Average wages would need to be controlled for self-selection between academia, public and private practice as well as employment in quasi-unrelated fields.
The best idea I have come up with is to get other professors involved in each other's classes somehow. Then they can see first hand how each other are doing. At the high school and lower level, I would add parents to the mix, because they usually care more than the principles.
What "involvement" means is difficult to say. Some ideas would be: (a) read each other's message boards and; (b) sit in on each other's classes, as you mentioned; (c) team teach.
Looking at external exams is a good thing to do, too, but mainly as a sanity check as you and others have written. Usually a class aims higher than passing the exams, but you want to make sure the students aren't massively flunking out. Along these lines, it would seem nice to know what student incomes look like....
-Lex Spoon
Why don't law schools offer a bar prep course during the third year?

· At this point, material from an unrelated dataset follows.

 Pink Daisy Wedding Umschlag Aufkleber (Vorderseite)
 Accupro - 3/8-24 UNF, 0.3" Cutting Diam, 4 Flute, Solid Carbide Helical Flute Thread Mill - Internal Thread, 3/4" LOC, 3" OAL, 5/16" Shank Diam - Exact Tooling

Arthur b.'s idea about giving a larger perspective in time to evaluatin teacher performance seems good. However, instead of inspecting graduated peoples' wages, a simple questionary about actual satisfaction with their life and how they see their former teachers affected it seems much more appropriate to me, at least in a situation when the schools intention is to produce content persons instead of money making machines. Also, 5 years are maybe a bit short-term, let it be 10 years instead.
Say,
1. how do you feel yourself in your profession now?
2. which courses you think were useful to your current professional life? Which teachers did what about it?
3. which courses you think were harmful to your current carrier? What was wrong in it?
Even thinking about these questions may be exceptionally useful - not for the school, but for you and now.
My ideal proposal for teacher compensation / evaluation at the college level:
Escrow portions of the tuition paid. The students then are charged with disbursing the escrow in equal amounts annually over a ten year time period. For students who wish to make no commentary on their professor(s) a predefined formula can be used. The student could choose to allocate to a professor, the department or just to the college. Incoming students and deans would be able to review what students thought of a particular professor based on how previous students allocated their escrow.
One could be cynical here and state that most presidents and deans may be more interested in raising funds than they are in effective teaching. Using questionnaires to judge "student satisfaction with teaching" produces satisfied students, which produces satisfied alumni, which produces bigger alumni donations.